1 The operation is relatively safe, with mortality rates less than 1 percent when the procedure is performed by an experienced surgical team in patients without serious comorbid disease and normal left ventricular function.
2 Intraoperative and postoperative mortality increases with the degree of ventricular dysfunction, comorbidities, and surgical inexperience. The effectiveness and risk of coronary artery bypass grafting vary widely depending on case selection and the skill and experience of the surgical team, so that the latter must be taken into account when a patient is being considered as a candidate for this procedure.

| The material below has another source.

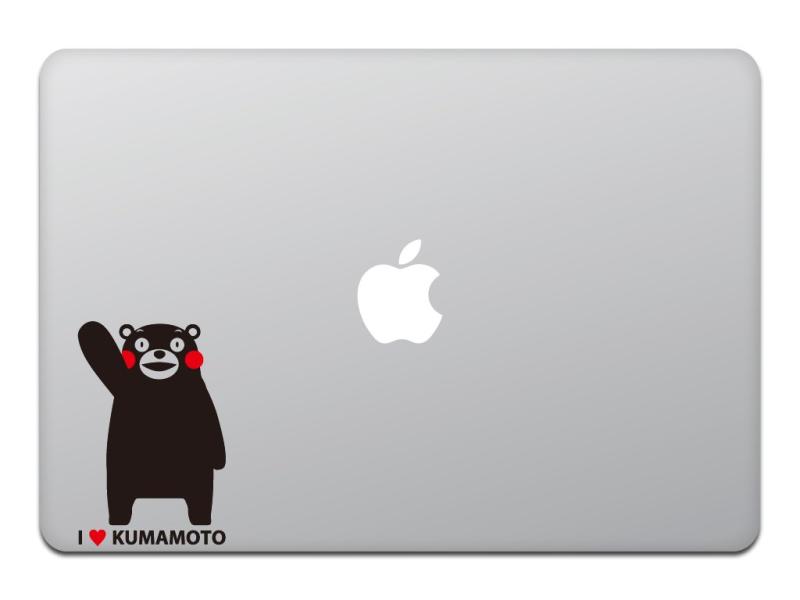カインドストア MacBook Air/Pro 11 / 13インチ マックブック ステッカー シール くまモンバージョン - 片手あげ M756X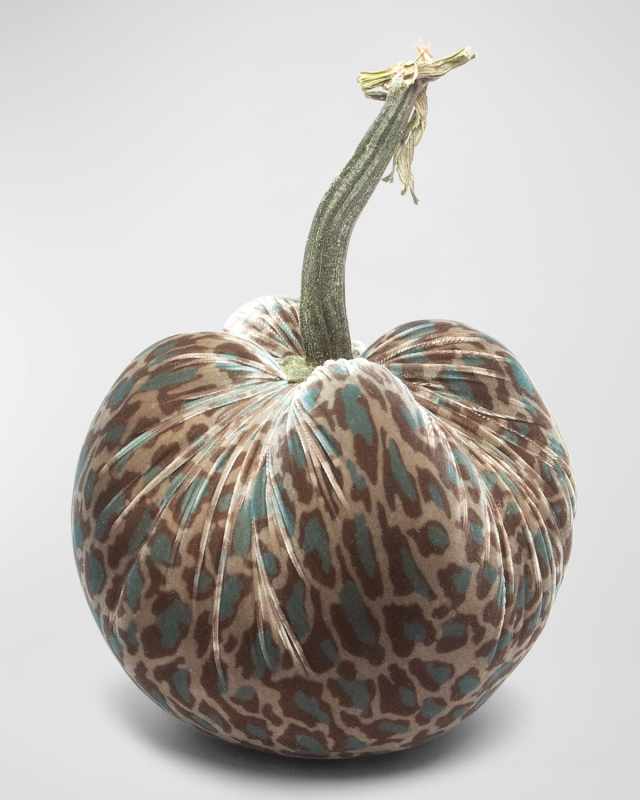 Velvet Halloween Pumpkin, 12"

3 Occlusion of vein grafts is observed in 10 to 20 percent during the first postoperative year, and the incidence is approximately 2 percent per year during 5- to 7-year follow-up and 5 percent per year thereafter. Long-term patency rates are considerably higher for internal mammary artery implantations; in patients with left anterior descending coronary artery obstruction, survival is better when coronary bypass involves the internal mammary artery rather than a saphenous vein.

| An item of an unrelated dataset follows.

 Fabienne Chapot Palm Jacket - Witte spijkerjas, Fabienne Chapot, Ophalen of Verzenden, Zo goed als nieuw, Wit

4 Angina is abolished or greatly reduced in approximately 85 percent of patients following complete revascularization. Although this is usually associated with graft patency and restoration of blood flow, the pain may also have been alleviated as a result of infarction of the ischemic segment or a placebo effect.
5 Coronary artery bypass grafting does not appear to reduce the incidence of myocardial infarction in patients with chronic ischemic heart disease; perioperative myocardial infarction occurs in 5 to 10 percent of cases, but in most instances these infarcts are small.
6 Mortality is
reduced by operation in patients with stenosis of the left main coronary
artery as well as in patients with three-vessel coronary artery disease
and impaired left ventricular function. However, there is no evidence
that coronary artery bypass surgery improves survival in patients with
one- or two-vessel disease who have chronic stable angina and normal
left ventricular function or in patients with one-vessel disease and
impaired left ventricular function.
DIFFERENTIAL DIAGNOSIS OF CHEST DISCOMFORT
The key issue in the evaluation
of the patient with is to distinguish potentially life-threatening conditions
such as coronary artery disease, aortic dissection, and pulmonary embolism
from other causes of chest discomfort. Even patients who have brief
episodes of pain and are otherwise in apparently excellent health may
have intermittent myocardial ischemia or even recurrent pulmonary emboli.
PROGNOSIS
The principal prognostic indicators
in patients with ischemic heart disease are the functional state of
the left ventricle, the location and severity of coronary artery narrowing,
and the severity or activity of myocardial ischemia. Angina pectoris
of recent onset, unstable angina, angina which is unresponsive or poorly
responsive to medical therapy or is accompanied by symptoms of congestive
heart failure all indicate an increased risk for adverse coronary events.
The same is true for the physical signs of heart failure, episodes of
pulmonary edema, or roentgenographic evidence of cardiac enlargement.
An abnormal resting ECG or positive evidence of myocardial ischemia
during a stress test also indicate increased risk. Most importantly,
the following signs during noninvasive testing indicate a high risk
for coronary events: a strongly positive exercise test showing onset
of myocardial ischemia at low workloads, large or multiple perfusion
defects or increased lung uptake during stress thallium scanning, a
decrease in left ventricular ejection fraction during exercise on radionuclide
ventriculography, and hypotension with ischemia during stress testing.
Obstructive lesions of the
proximal left anterior descending coronary artery are associated with
a greater risk than are lesions of the right or left circumflex coronary
artery, since the former vessel usually perfuses a greater quantity
of myocardium. Critical stenosis of the left main coronary artery is
associated with a mortality of about 15 percent per year.